Believers recognize the Word for what it is and for what it does in their lives. Writing to the Thessalonians, Paul said, “For this reason we also constantly thank God that when you received the word of God which you heard from us, you accepted it not as the word of men, but for what it really is, the word of God, which also performs its work in you who believe” (1 Thessalonians 2:13). Scripture was instrumental in our salvation, and it continues to perform God’s work in us. Moreover, we know it accomplishes God’s work without fail.

For as the rain and the snow come down from heaven, and do not return there without watering the earth and making it bear and sprout, and furnishing seed to the sower and bread to the eater; so will My word be which goes forth from My mouth; it will not return to Me empty, without accomplishing what I desire, and without succeeding in the matter for which I sent it. (Isaiah 55:10–11)

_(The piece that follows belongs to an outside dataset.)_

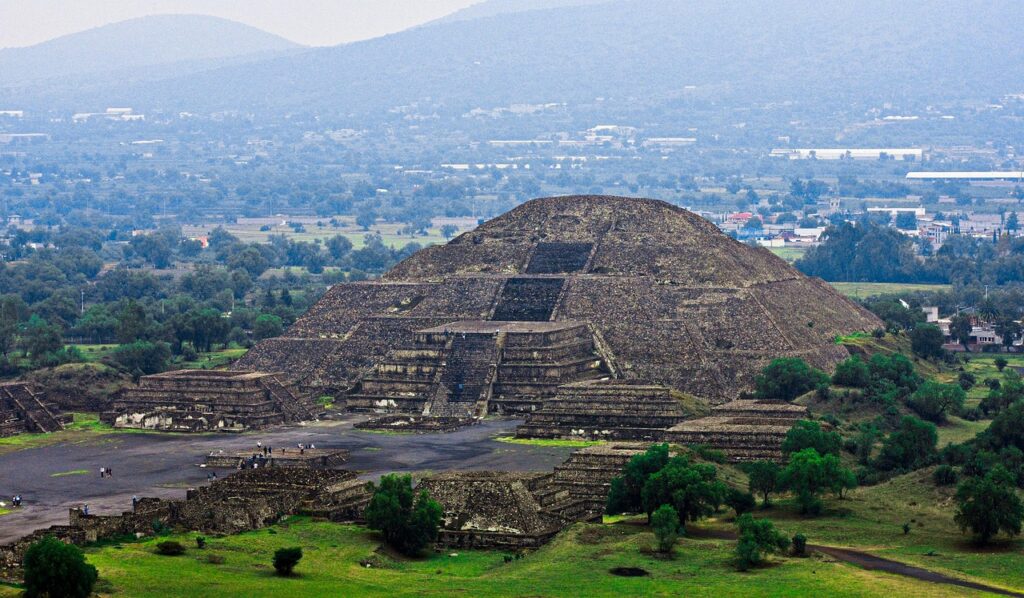 12 Ancient Structures Engineers Now Concede Should Not Have Been Possible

If we want to experience God’s supernatural work in our lives, we must understand that the Holy Spirit accomplishes it only through His Word. He has ordained no other means, no momentary emotional or existential experience that can catapult us to some greater spiritual maturity. We cannot set aside our Bibles and expect His sanctifying work to continue uninterrupted. God saved us through the power of His Word, and its work is not finished. We must increase our hunger for His truth, knowing it is the sole source of our spiritual lives and the only means by which the Spirit conforms us into the image of His Son.